Mehr Autonomie für die Gemeinden
Die CVP-Nationalrätin nannte mehrere Gründe für die Notwendigkeit einer Kantonsfusion. So würde unter anderem die Wirtschaft sehr profitieren. «Die Wirtschaft kennt keine Grenzen», betonte Elisabeth Schneider-Schneiter. Dieser Aussage widersprach Myrta Stohler heftig: «Der Wirtschaft ist es egal, ob wir ein oder zwei Kantone sind!» Sie schätze die Eigenständigkeit des Baselbiets. «Genauso wichtig ist die Autonomie der Gemeinden», betonte die SVP-Frau. In diesem Punkt stimmte die Fusionsbefürworterin Schneider-Schneiter für einmal zu. «Man muss die neue Verfassung so gestalten, dass die Gemeinden eine möglichst grosse Autonomie haben.»

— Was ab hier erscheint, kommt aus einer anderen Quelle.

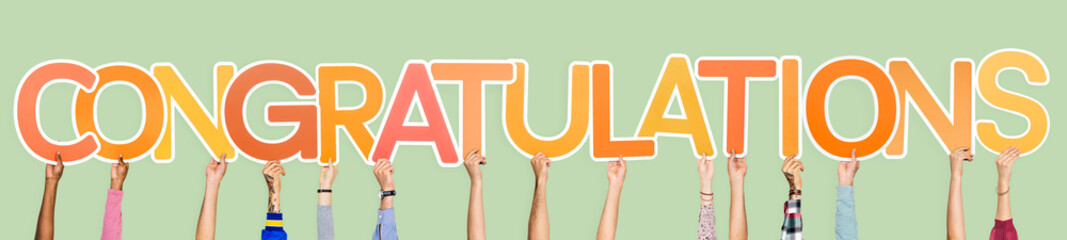 Hands holding the word Congratulations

Regula Nebiker, der gemäss eigenen Angaben der Kanton Basel-Landschaft sehr am Herzen liegt, hofft durch eine Fusion aus der seit über zehn Jahren andauernden Stagnation herauszukommen. Sie glaube auch nicht, dass die beiden Kantone zu unterschiedlich sind und sich die Baselbieter zu sehr verändern müssten. «Ich denke sogar, dass die Stadt den grösseren Anpassungsprozess machen muss als das Land.» Marco Born sieht keine Anpassungsmöglichkeit der beiden Halbkantone. «Es gibt gewisse Unterschiede. Und diese werden bei einer Fusion nicht auf einmal weg sein.» Myrta Stohler fand sogar, dass «die Laufentaler noch heute keine richtigen Baselbieter sind». Dies sorgte für ein Raunen im Keller.
Gesundheitssektor profitiert
Das Argument der unterschiedlichen Mentalitäten wurde aus dem Publikum infrage gestellt. «Wir sind nicht so unterschiedlich, wie Sie sagen», entgegnete der Aescher Armin Hauser dem Votum von Marco Born. Hauser warf den Oberbaselbietern, die in Basel arbeiten, vor, den Batzen und das Weggli zu nehmen, in dem sie zu Hause auf dem Land die Ruhe geniessen und in der Stadt ihr Geld verdienen. Eine Zuhörerin fragte nach Visionen, wie etwa die explodierenden Gesundheitskosten in den Griff zu kriegen sind. Eine konkrete Antwort wusste niemand.
Elisabeth Schneider-Schneiter zitierte – wie so oft an diesem Abend – aus einer Studie, die am gleichen Morgen erschien. «Der Gesundheitssektor ist sicher jener Bereich, der von einer Fusion am meisten profitieren würde.» Immer wieder hob die CVP-Nationalrätin, die sehr selbstbewusst und eloquent auftrat, hervor, wie wichtig es sei, sich nach innen in der Region zu vernetzen, um nach aussen stark aufzutreten.